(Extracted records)

+ + + +

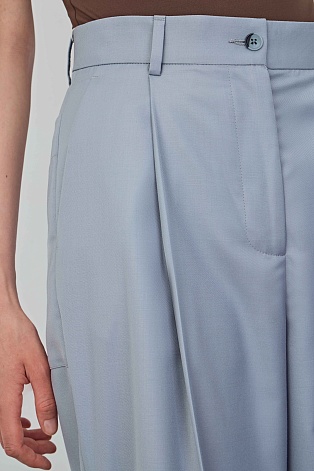 Широкие брюки со стрелками, серо-голубые ASHLEY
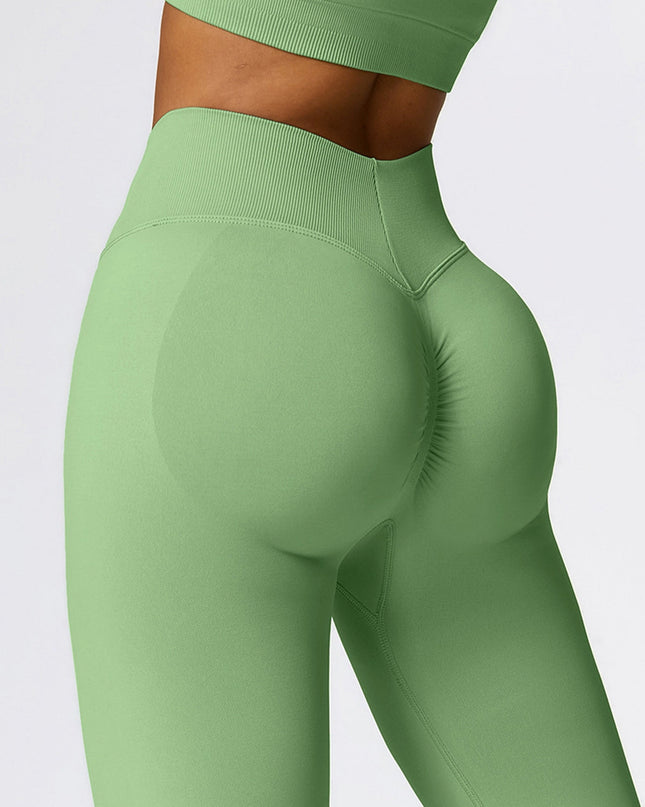 ZASUWA Female Seamless V Back Scrunch Bum Hip-lift Leggings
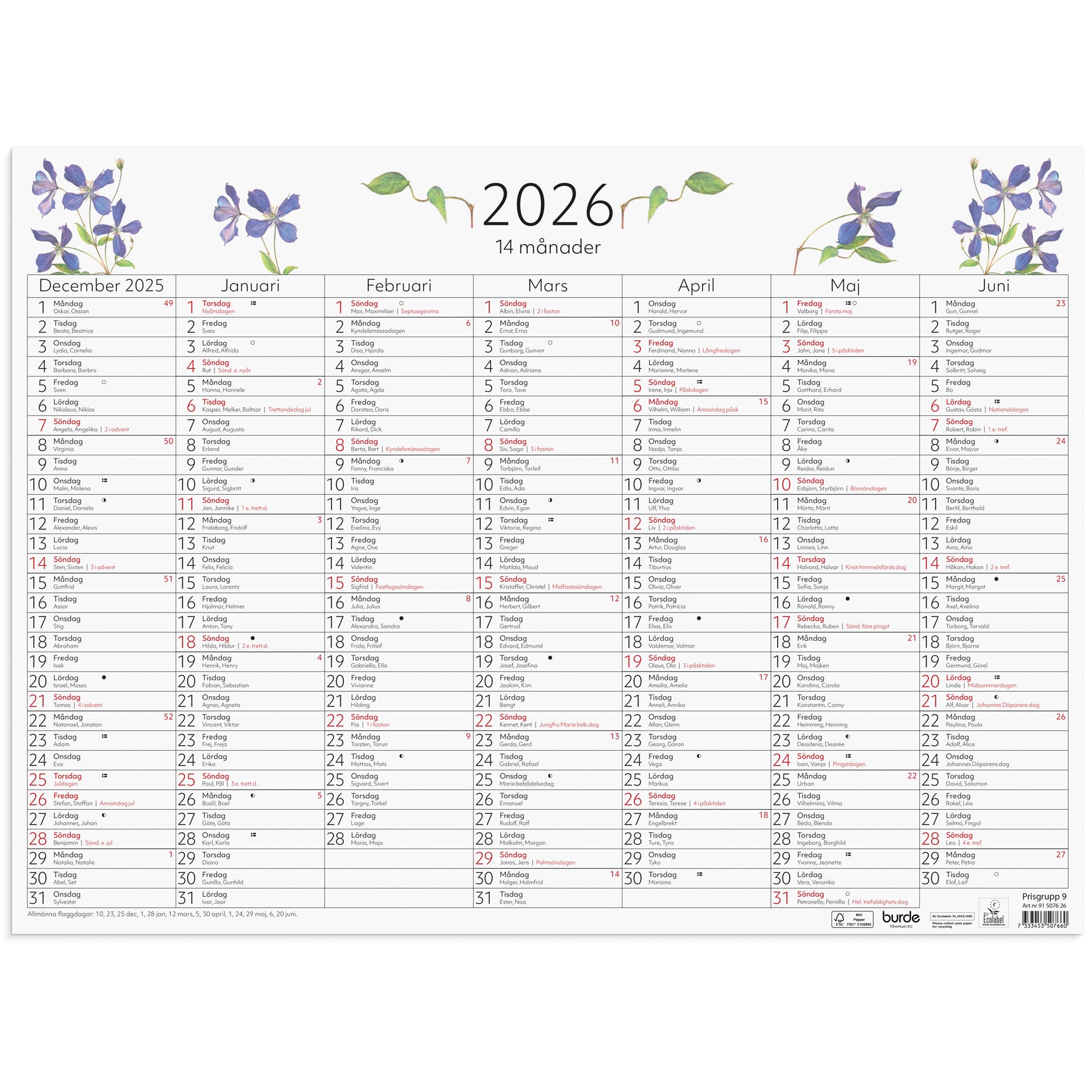 Väggblad 14-månader 2026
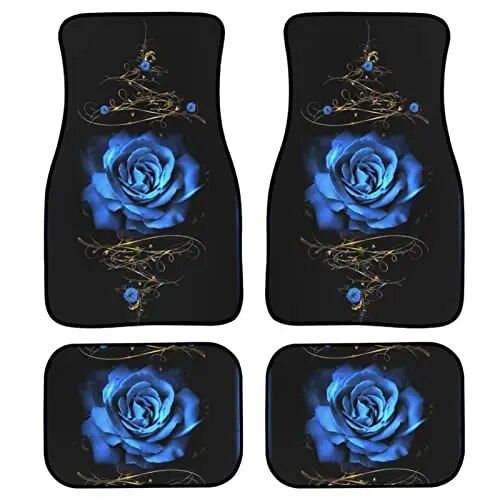 Red Rose Printed All-Weather Car Floor Mats (Set of 4)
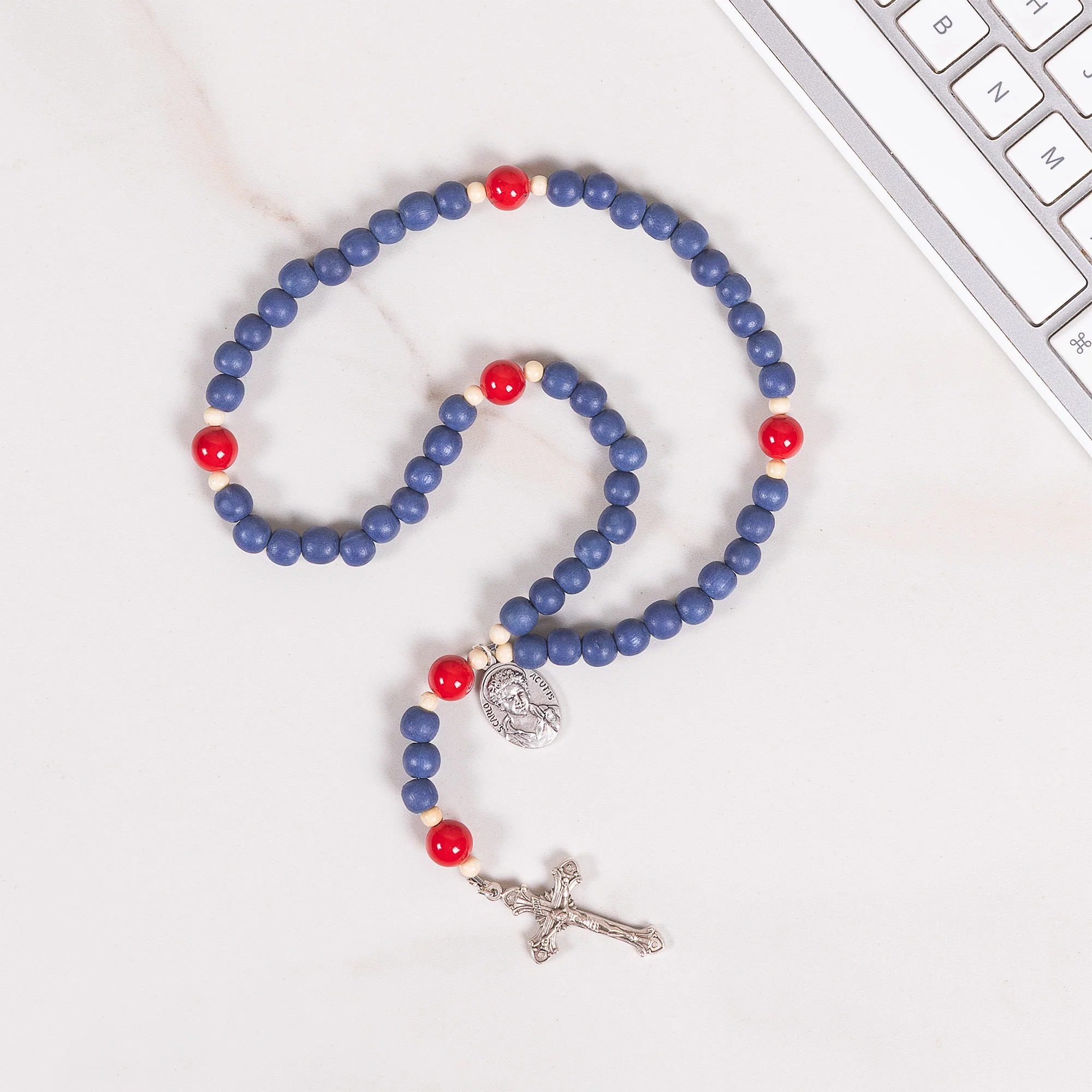 St. Carlo Acutis Blue Wood & Red Mountain Jade Rosary - Image 3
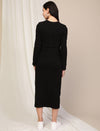 Maternity Ribbed Double Layer Long Sleeve Nursing Friendly Dress - Black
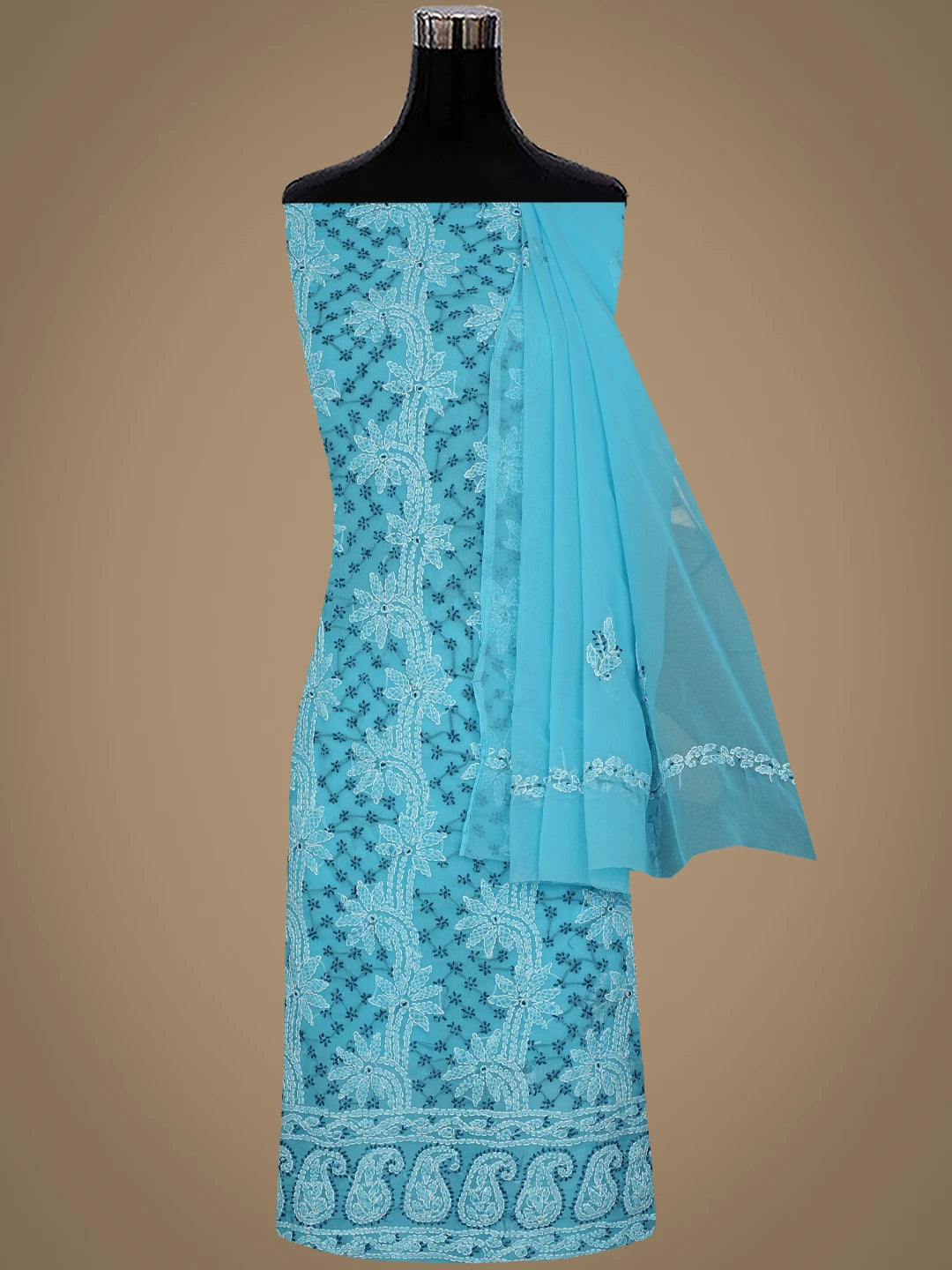Ada Hand Embroidered Blue Georgette Lucknowi Chikankari Unstitched Suit Piece 01A872107
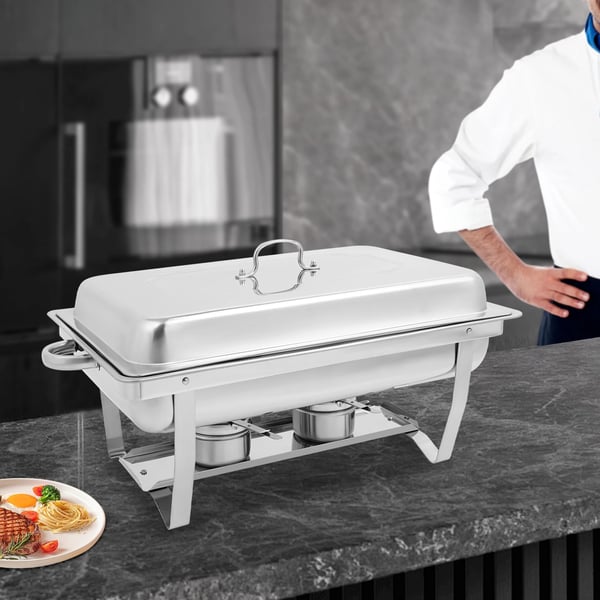 Chafing Dish Buffetsæt - 2-bakke Madvarmer/Servering - Rustfrit Stål - Til Catering, Bryllupper & Events - Sølv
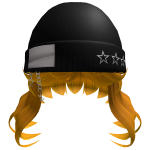 Y2K Black Beanie Stars with Wavy Golden Hair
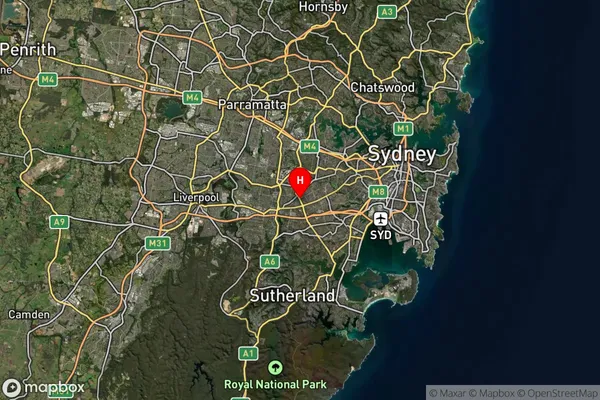 Wiley Park,New South Wales Satellite Map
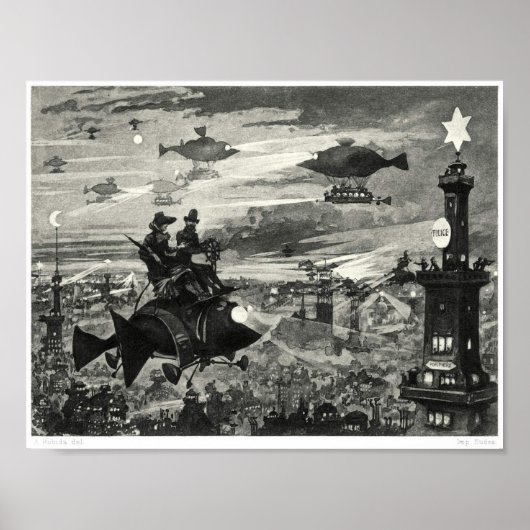 超現実的な本イラストレーション ポスター (正面)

+ + + +

▶ **Problem statement**
Reproduce, word for word, the lines from the one containing "Maternity Ribbed Double" through the final line above. Leave every picture out.

▶ **Solution**
 Maternity Ribbed Double Layer Long Sleeve Nursing Friendly Dress - Black
Ada Hand Embroidered Blue Georgette Lucknowi Chikankari Unstitched Suit Piece 01A872107
 Chafing Dish Buffetsæt - 2-bakke Madvarmer/Servering - Rustfrit Stål - Til Catering, Bryllupper & Events - Sølv
 Y2K Black Beanie Stars with Wavy Golden Hair
 Wiley Park,New South Wales Satellite Map
 超現実的な本イラストレーション ポスター (正面)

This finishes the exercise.